Some algorithms such as TidalTrust use binary values [0, 1] for expressing the trust level of users towards each other. However, in complex social networks as a result of an inadequate amount of certain and accurate information, this form of trust definition is not suggested [11]. By this definition, there is no way to distinguish completely untrustworthy nodes from partially untrustworthy ones. Fuzzy logic is a multipurpose logic. Therefore, the uncertainty and ambiguity in different subjects define the necessity of applying fuzzy techniques for modeling qualitative aspects of the problem. Having a set A, the membership function of x is defined according to Eq. 5 [35, 36]:

$$ \mu_{A} \left( X \right) = \left\{ {\begin{array}{*{20}l} 1 \hfill & {x \in A} \hfill \\ 0 \hfill & {x \notin A} \hfill \\ \end{array} } \right. $$
(5)

If x does not belong to A, then \(\mu_{A} \left( X \right) = 0\). If x partially exists in A, then \(\mu_{A} \left( X \right):X \to \left[ {0,1} \right]\) and x is a fuzzy member. In this case, a membership function is a real number and an object could partially be an instance of a set.
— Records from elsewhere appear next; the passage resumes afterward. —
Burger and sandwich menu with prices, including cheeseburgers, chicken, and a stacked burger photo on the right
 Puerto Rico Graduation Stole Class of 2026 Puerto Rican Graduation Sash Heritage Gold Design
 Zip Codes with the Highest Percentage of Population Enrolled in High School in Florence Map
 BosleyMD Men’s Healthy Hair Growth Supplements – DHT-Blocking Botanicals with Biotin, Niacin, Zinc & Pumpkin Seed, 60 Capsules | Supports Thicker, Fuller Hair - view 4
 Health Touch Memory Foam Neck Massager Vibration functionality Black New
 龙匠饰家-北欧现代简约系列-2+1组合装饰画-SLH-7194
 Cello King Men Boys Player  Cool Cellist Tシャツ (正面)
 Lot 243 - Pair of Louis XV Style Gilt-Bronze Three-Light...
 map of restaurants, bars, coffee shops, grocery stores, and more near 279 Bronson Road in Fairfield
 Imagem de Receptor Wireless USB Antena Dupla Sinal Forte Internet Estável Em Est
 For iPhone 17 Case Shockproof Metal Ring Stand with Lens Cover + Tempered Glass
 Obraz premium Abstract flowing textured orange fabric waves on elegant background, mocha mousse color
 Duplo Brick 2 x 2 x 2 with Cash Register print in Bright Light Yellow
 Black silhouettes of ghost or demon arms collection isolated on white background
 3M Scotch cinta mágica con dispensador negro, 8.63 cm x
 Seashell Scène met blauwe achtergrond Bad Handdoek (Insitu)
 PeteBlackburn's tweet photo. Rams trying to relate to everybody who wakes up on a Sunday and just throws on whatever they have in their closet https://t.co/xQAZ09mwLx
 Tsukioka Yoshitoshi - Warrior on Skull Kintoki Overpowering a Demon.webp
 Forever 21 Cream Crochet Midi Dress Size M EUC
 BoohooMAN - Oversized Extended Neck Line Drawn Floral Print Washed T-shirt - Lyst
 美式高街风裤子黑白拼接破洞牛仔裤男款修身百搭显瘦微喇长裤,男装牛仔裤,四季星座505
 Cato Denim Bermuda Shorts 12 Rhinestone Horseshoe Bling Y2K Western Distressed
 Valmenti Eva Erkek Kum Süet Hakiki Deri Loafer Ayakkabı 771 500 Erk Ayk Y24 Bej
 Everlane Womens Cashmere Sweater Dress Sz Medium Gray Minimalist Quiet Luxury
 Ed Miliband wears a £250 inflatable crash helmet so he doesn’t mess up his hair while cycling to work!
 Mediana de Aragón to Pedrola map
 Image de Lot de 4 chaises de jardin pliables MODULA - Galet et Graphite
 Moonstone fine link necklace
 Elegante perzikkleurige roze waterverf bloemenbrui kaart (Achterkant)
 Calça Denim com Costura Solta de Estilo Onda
In fuzzy logic, the membership of set members is defined based on the \(U(X)\) function where X represents a specific member and U is a fuzzy function that determines the membership degree of X in the set and its value is a real number between 0 to 1. A fuzzy number can be defined either in the triangular or trapezoidal form [25, 36]. In triangular form, the desired number is represented as \(M = (a, b, c)\), where a, b, and c parameters are referring to the minimum, most likely, and the maximum amount of the target value. This value can be changed within the scope of (a, c). In the proposed approach, the local trustworthiness level of each middle node in its trust group is considered to be a fuzzy set. For defining the membership degree of each middle node, 5-level triangular fuzzy numbers according to Table 2 are used.

Table 2 Triangular 5-level fuzzy numbers

Equivalent fuzzy numbers for each linguistic variable defined in Table 2 are formulated by Eq. 6 and it is set as the fourth criterion in the local trust decision matrix. Therefore, the local trust value of the middle nodes B, D, E, F, and G should be defined based on this equation. For calculating this value, its interaction rate with its connected nodes in its trust group, as well as its interaction rates in previous time windows should be used.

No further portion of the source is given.